Final answer:
The tension in the rope holding the 1.0 kg block is 3.038 N, which counteracts the frictional force due to kinetic friction. The acceleration of the 2.0 kg block is found to be 5.443 m/s² by deducting the frictional force from the applied tension and dividing by the mass of the block.
Step-by-step explanation:
To find the tension in the rope holding the 1.0 kg block to the wall, we first need to calculate the force of friction acting on the block due to kinetic friction. The force of kinetic friction (Ffriction) is given by Ffriction = μk * N, where N is the normal force and μk is the coefficient of kinetic friction.
For the 1.0 kg block, the normal force is equal to its weight, N = m * g, so the force of friction can be calculated as Ffriction = μk * m * g. With μk = 0.310, m = 1.0 kg, and g = 9.8 m/s2, the force of friction is Ffriction = 0.310 * 1.0 kg * 9.8 m/s2 = 3.038 N. This frictional force acts to the left, opposing the tension in the rope. Since the block is stationary, the tension must equal the force of friction, so the tension in the rope is 3.038 N.

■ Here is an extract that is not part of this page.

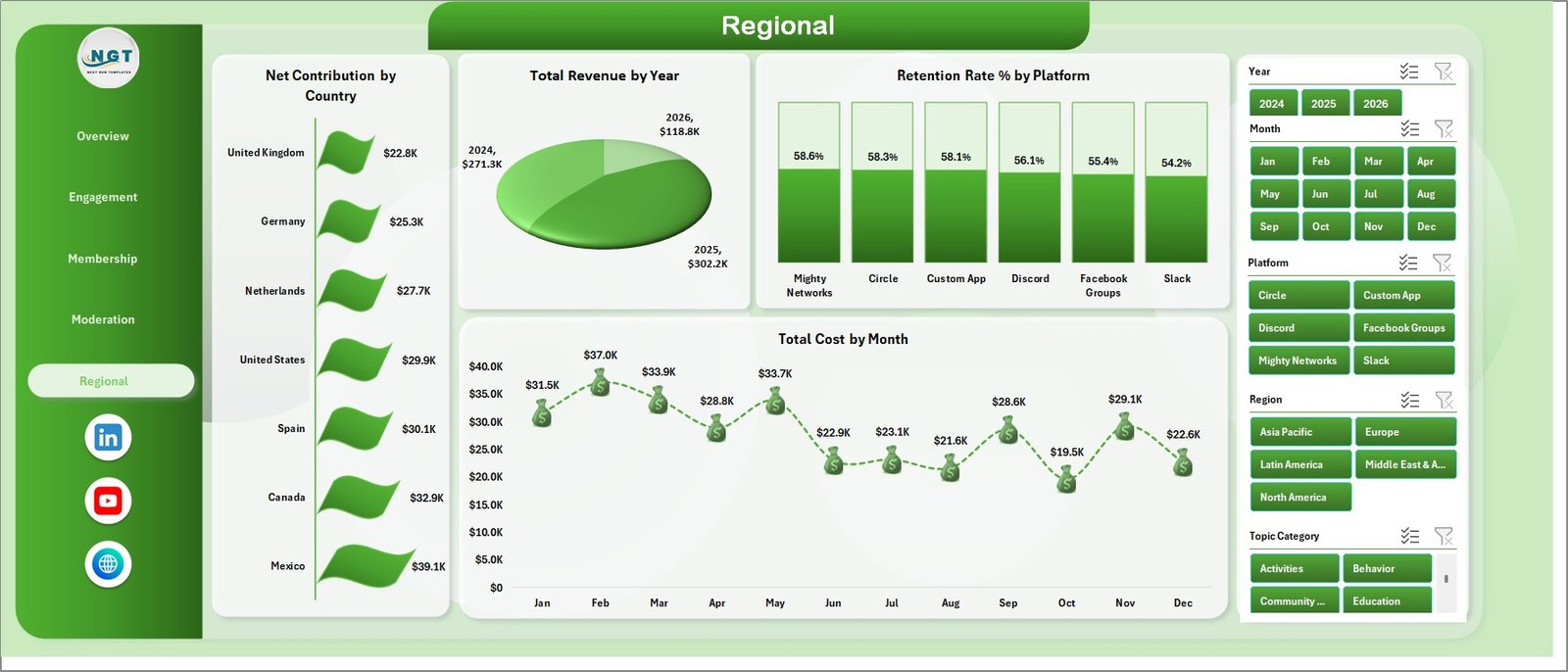 Regional sheet in Online Parenting Communities Dashboard in Excel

To determine the acceleration of the 2.0 kg block, we use Newton's second law, ΣF = m * a, where ΣF is the sum of forces, m is the mass, and a is the acceleration. The force of kinetic friction on the 2.0 kg block is Ffriction,2 = μk * N2, where N2 is the normal force on the 2.0 kg block. Since the block has both the 1.0 kg block on top of it and its own weight to support, N2 = (m + m1) * g. Therefore, Ffriction,2 = 0.310 * (2.0 kg + 1.0 kg) * 9.8 m/s2 = 9.114 N.
The net force acting on the 2.0 kg block is the applied tension minus the frictional force, which is 20 N - 9.114 N = 10.886 N. We can now solve for acceleration, a = ΣF / m, giving us a = 10.886 N / 2.0 kg = 5.443 m/s2.